● Exercise directions
Transcribe the lines below exactly, beginning with the line that holds "320 - 62 Niagara" and ending with the final line, both included. Pictures are to be left out.

● Data provided
[Start of section]

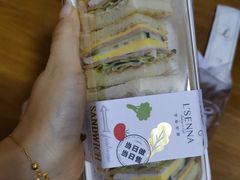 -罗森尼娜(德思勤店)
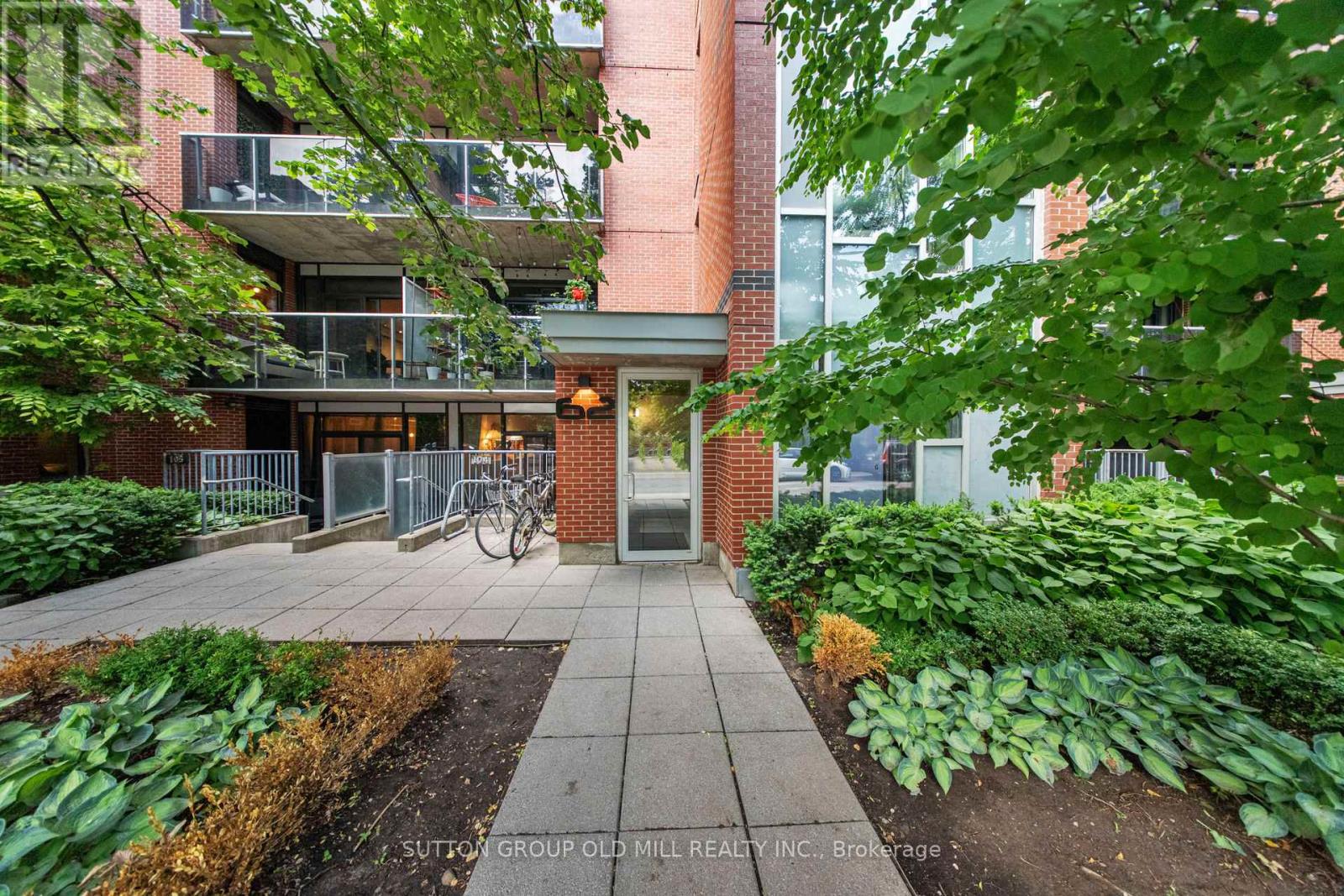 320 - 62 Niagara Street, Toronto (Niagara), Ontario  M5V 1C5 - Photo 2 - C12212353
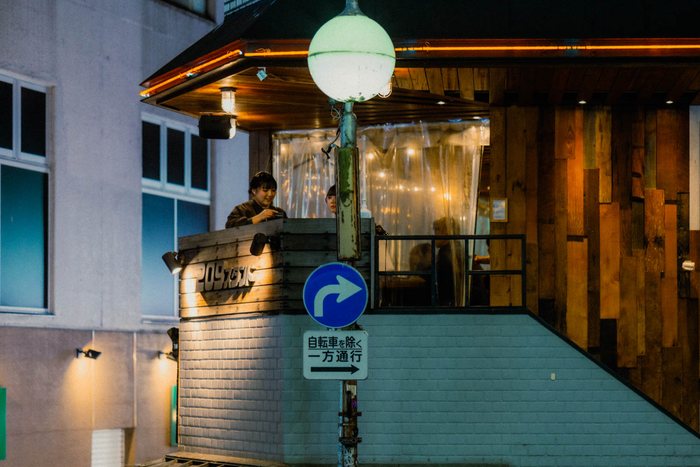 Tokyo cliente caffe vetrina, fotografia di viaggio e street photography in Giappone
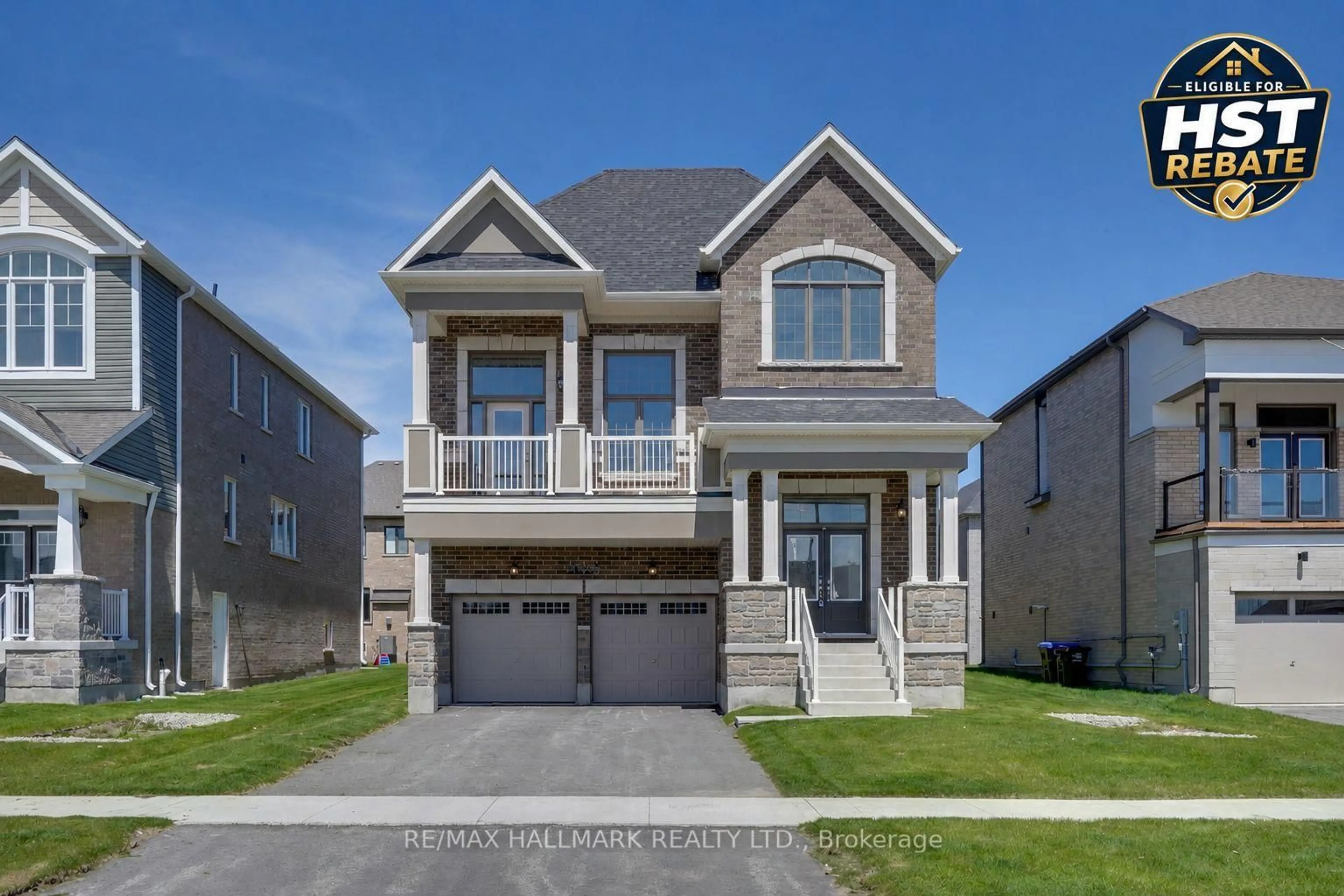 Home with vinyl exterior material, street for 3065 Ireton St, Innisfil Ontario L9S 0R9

[End of section]

● Output for this exercise
 320 - 62 Niagara Street, Toronto (Niagara), Ontario  M5V 1C5 - Photo 2 - C12212353
 Tokyo cliente caffe vetrina, fotografia di viaggio e street photography in Giappone
 Home with vinyl exterior material, street for 3065 Ireton St, Innisfil Ontario L9S 0R9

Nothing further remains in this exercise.